## [Problem details]
Only the lines from the one holding "Bowl of coconut" through the end of the material are to be repeated, exactly and without pictures.

*** Supplied data ***

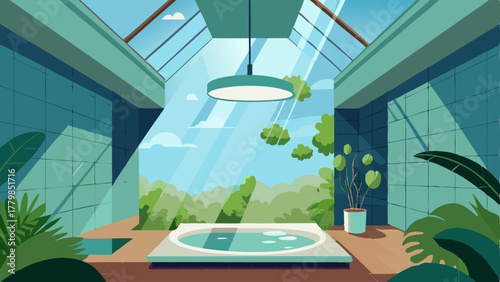 A bathroom with a large skylight flooding the space with natural light and greenery hanging from the ceiling.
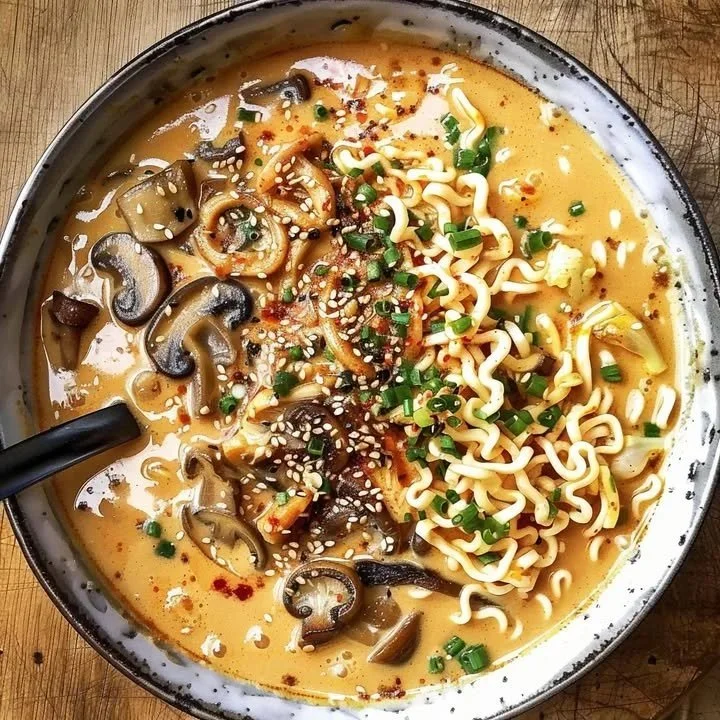 Bowl of coconut curry spicy ramen garnished with fresh herbs and vegetables
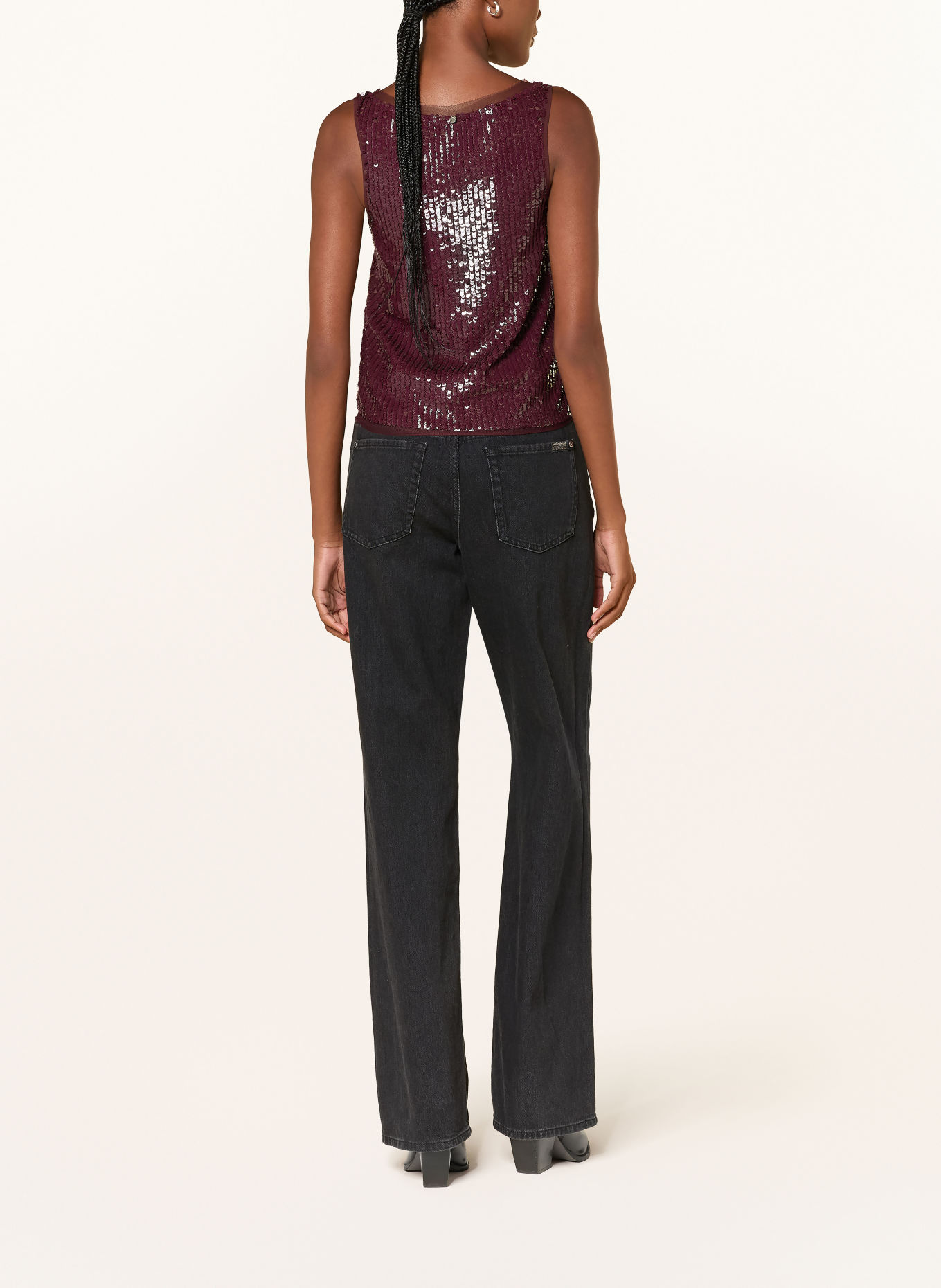 BOSS BYCOLE top with sequins: DARK RED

*** End of Supplied data ***

## [Solved problem]
 Bowl of coconut curry spicy ramen garnished with fresh herbs and vegetables
 BOSS BYCOLE top with sequins: DARK RED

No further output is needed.